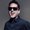Photo of Lucian D.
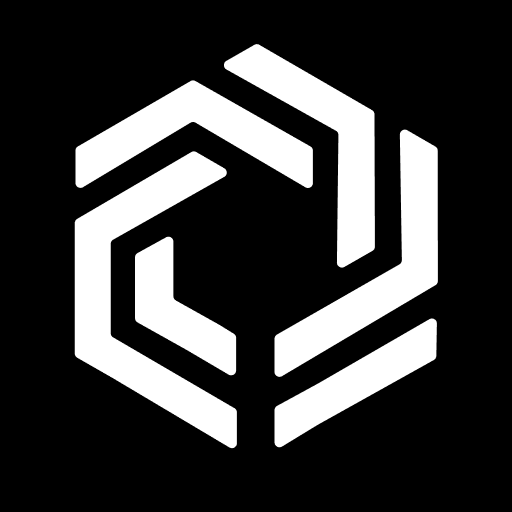 AI Copywriter - Copy Fácil Download on Windows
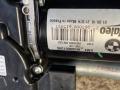 механизм стеклоочистителя (трапеция дворников) BMW 5 серия G30/G31 G30 2019, 2.0 л., i, B48 B20 A, бензин, АКПП, a90, седан, задний привод, правый руль - фото №3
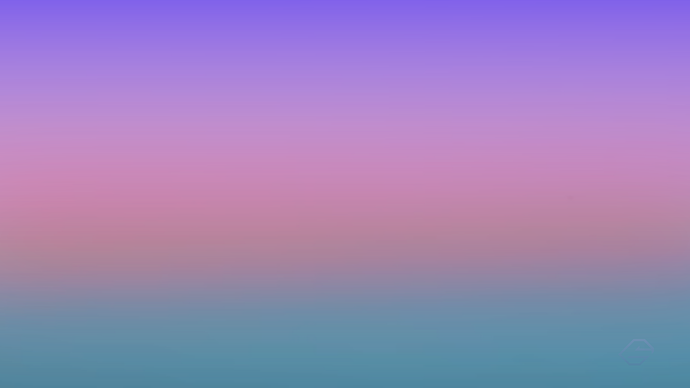 new-colors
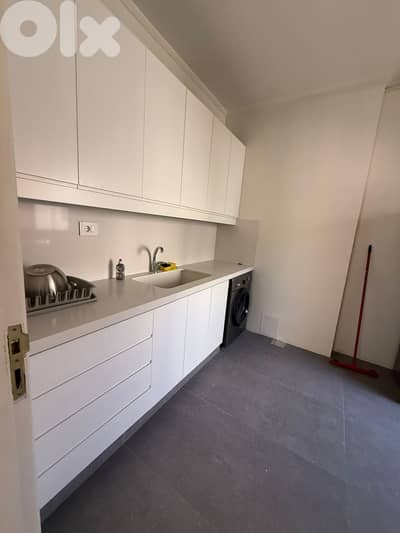 GMB209SA Apartment for sale in Batroun - شقة للبيع في البترون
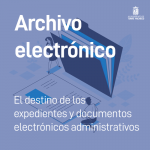 El Ayuntamiento de Torre Pacheco implanta la gestión de archivo electrónico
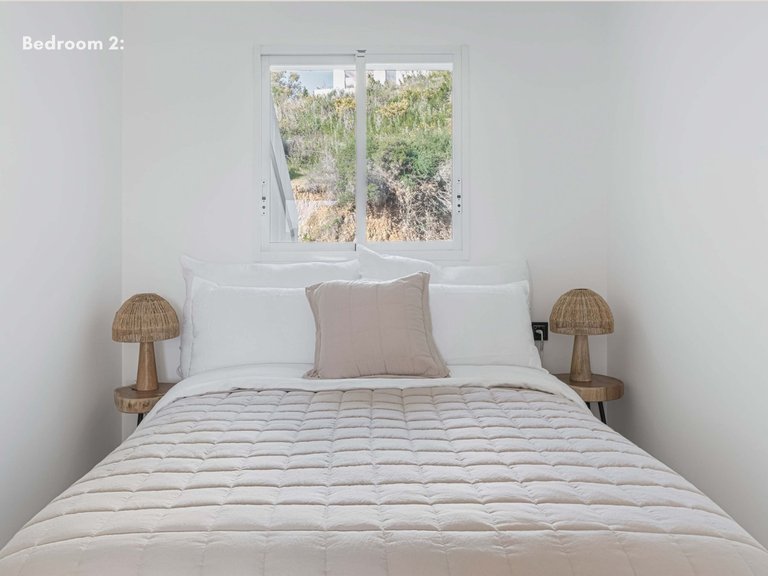 Penthouse for Sale in Benahavis, Malaga 8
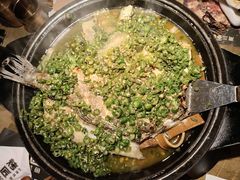 -吞鱼兽麻辣烤鱼(万达店)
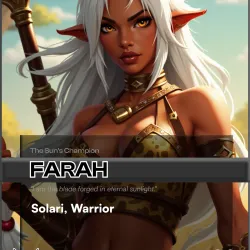 59326950164758994285490417413634064442288717773006926333132195752785373509033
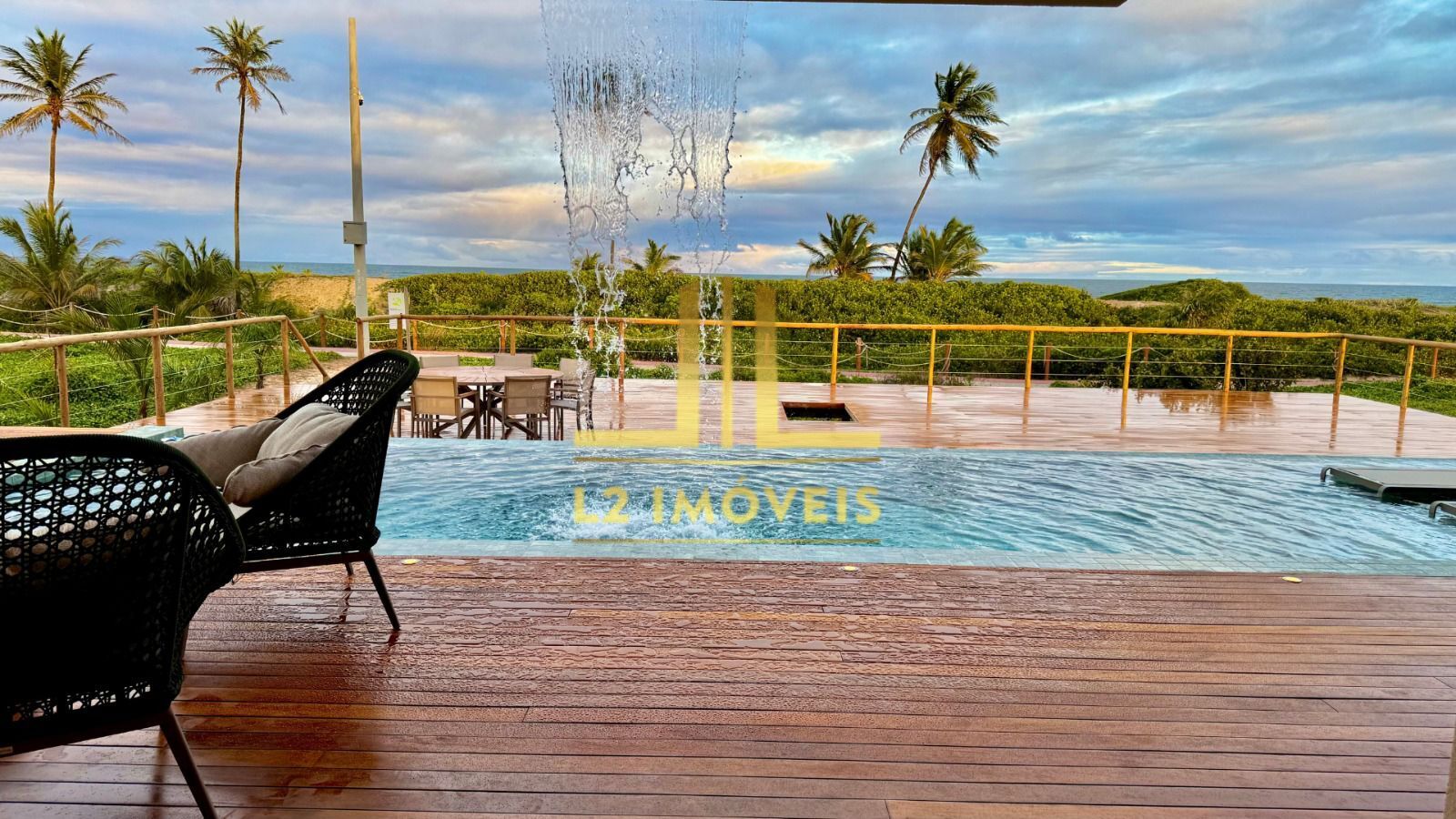 Casa à venda com 8 quartos, 615m² - Foto 15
===
Retype the listing exactly. Pictures do not belong in the copy.

Photo of Lucian D.
 AI Copywriter - Copy Fácil Download on Windows
 механизм стеклоочистителя (трапеция дворников) BMW 5 серия G30/G31 G30 2019, 2.0 л., i, B48 B20 A, бензин, АКПП, a90, седан, задний привод, правый руль - фото №3
 new-colors
 GMB209SA Apartment for sale in Batroun - شقة للبيع في البترون
 El Ayuntamiento de Torre Pacheco implanta la gestión de archivo electrónico
 Penthouse for Sale in Benahavis, Malaga 8
 -吞鱼兽麻辣烤鱼(万达店)
 59326950164758994285490417413634064442288717773006926333132195752785373509033
 Casa à venda com 8 quartos, 615m² - Foto 15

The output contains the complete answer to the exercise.